I went to the beach today and read a book then all I wanted to do was to bury my face into my pillow, once I get into bed I don't really cry though it's just blank out like anesthesia.
I started this day as Happy, I ended it as miserable deciding that my grief of not having a family, a tribe, a place, a home, a belonging, belonging to someone. A stuckness. The "quiet desperation or silent desperation" or what ever that phrase is.
I see why I stayed in my own world I was safe there, my quietness, much safer. Safety in aloneness. Alone is a safe and unkind place.
Some times I really do just feel like garbage. On the beach I finally was picturing all my red blood running out into the water.
I picture myself dissapearing and I see how the world is the same without me. So I don't know what am I doing here, "what is the point", I ask that of myself.
I'm not going to kill myself just expressing the feeling and my thoughts, I do think about it.
It would be a way out. I wonder if the suffering is worth living for. If suffering has its own value it is a stupid thought, but I have to find meaning in stupid things somedays.
I'm ok, if I go to sleep I will wake up and feel different tomorrow.
I feel like I'm stupid for being hopeful, because in my heart I know the truth is disappointment. That is what my life is about.
I read what I wrote above it sounds so down.

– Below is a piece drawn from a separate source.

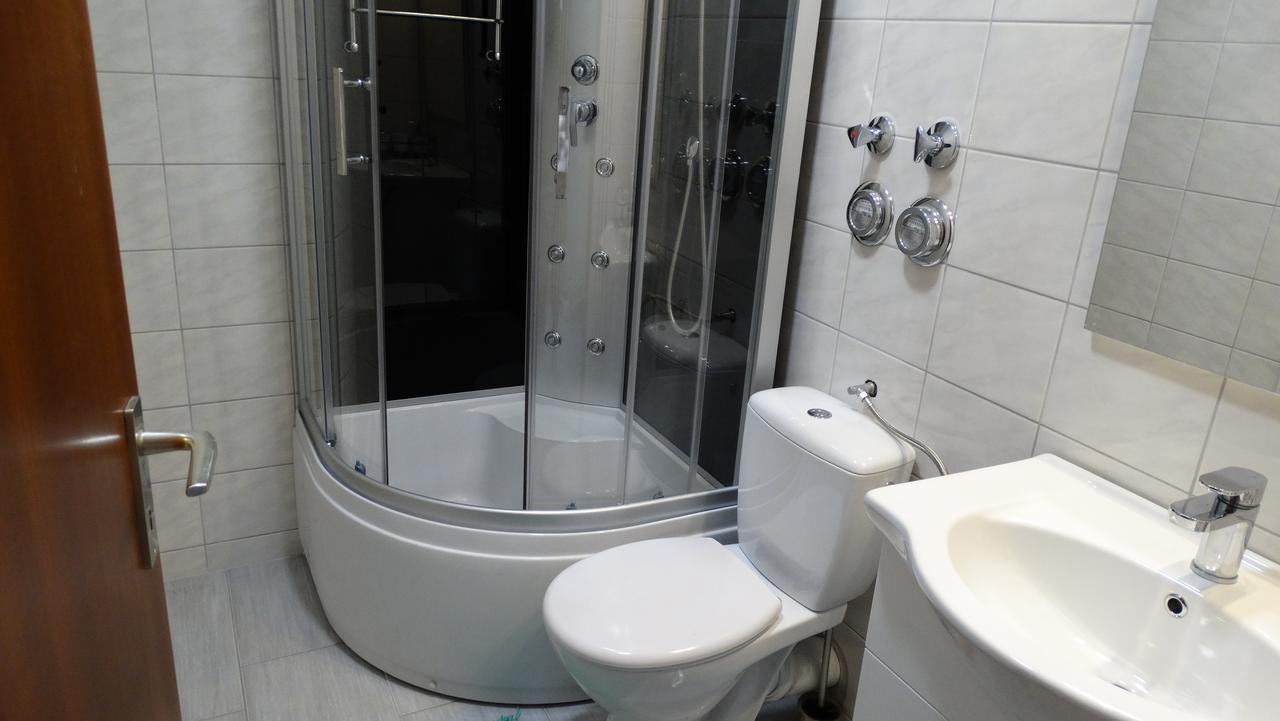 Alb-Rosa Apartman Bad Herrenalb Kültér fotó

I'm running out of life, days for living, thinking that I can change me. I don't change, I haven't changed for the past ten years, instead I'm just getting older, older, older, life going into the gutter and away and its gone. And my grief is there under it all.
I need to just gather myself together possibly. Lay down turn the lights off and then get up later.
Men they take and don't give back.
Life itself takes and doesn't give back...that is the time...it is loss...
This isn't making any sense cause I'm too tired and upset that I can't think or make my fingers want to type.
Try again later.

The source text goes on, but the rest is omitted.